The Owners also wanted to expand the playoff format to a laughable 14 team gimmick fest. This would be ridiculous and cheapen the 162 game season. It is clearly just a television focused move to try to get an extra gate or too. Nevermind the prestige of the game or finding the best teams. As usual, the answer is always “more more more, expand, people want more!” That is the sort of mindset the owners had when they duplicitously worked with MLB to use juiced balls in certain big market games. This scandal shows the owners do not understand the beauty of pitching duels. They naively think everyone wants to see 12-10 games with nothing but walks and homers.

People want to see real baseball. Advancing the runner, crisp defense, wicked pitches, and good baserunning. The current New York Yankees style product of every hitter always trying to hit a homer is boring. Constant strikeouts and stranded runners because the hitter is not properly assessing the situation. He is literally always just trying to hit a homer. Even in a tie game with no outs and a runner on third. It is objectively worse strategically than in older eras. Yet we are told by the front office of a team who has not won a pennant in a decade “this is the new way to play.” 
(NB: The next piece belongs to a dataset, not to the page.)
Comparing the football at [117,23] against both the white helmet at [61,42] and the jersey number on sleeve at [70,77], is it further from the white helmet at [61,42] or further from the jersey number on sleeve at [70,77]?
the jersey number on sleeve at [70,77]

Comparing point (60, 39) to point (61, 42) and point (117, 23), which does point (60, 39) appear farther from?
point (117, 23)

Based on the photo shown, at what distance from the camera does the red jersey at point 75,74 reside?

MLB Owners love this approach, moronically thinking all people want to see is home runs. This mindless approach takes the nuance out of the game and cheapens it. Part of the beauty of baseball is how each man in a lineup brings something to the table: slap hitting middle infielders that can steal, solid contact guys with gap power, and sluggers. This is what makes baseball the best game ever made. Instead of this electric and dynamic experience that America’s Pastime was founded on, the Owners think it is more fun to see nine of the same guys always trying to do the same thing, regardless of the situation. This shows how short sighted they are, but also they lack the fundamental understanding of what makes the game great. The owners, simply put, just do not get it.

In addition to the owners wanting ads on the jerseys and a massive playoff format, they wanted a steeper salary cap and less money in the pre-arbitration draft pool. The way the current cap works is if you run over it you have to pay a luxury tax. The owners want to make the tax rate higher so they can decrease player wages and use it as soft collusion to have the next best thing to a hard salary cap. The hard cap is the thing the players went on strike against in 1994. 
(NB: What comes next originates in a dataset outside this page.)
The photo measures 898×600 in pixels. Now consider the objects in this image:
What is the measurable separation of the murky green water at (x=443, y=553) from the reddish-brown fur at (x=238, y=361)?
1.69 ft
The other issue, the pre-arbitration draft pool, just means that electric young players like Juan Soto do not get paid so little during his first 6 years when he is slugging. This is the main problem with the current MLB free agent situation. A player who is very good at a young age gets underpaid for years, then has one BIG contract when his rookie deal ends. That is usually it for big pay days. This is why Carlos Correa has still not signed. He wants a mega-deal for 12 years. An albatross contract. This is the only true way for a player to get paid top dollar into his age 36-42 years. This is a big problem for the orgs, because they hate giving those deals out because the last years of those deals are brutal. See the Albert Pujols Angels contract. The players need more money in their early years instead of waiting for one big pay day. Overall, the players were being reasonable and got railed by greedy owners who had no intention of acting in good faith. 

Baseball is a wonderful sport that helps families and communities grow. Fathers and sons watch and play it together. Friends plan summer vacations around it. People spend all year looking forward to Opening Day. Baseball helps people get through the drudgery of life and inspires entire towns and communities. The Owners not only stole this from us this year but are attempting to defile it for future generations.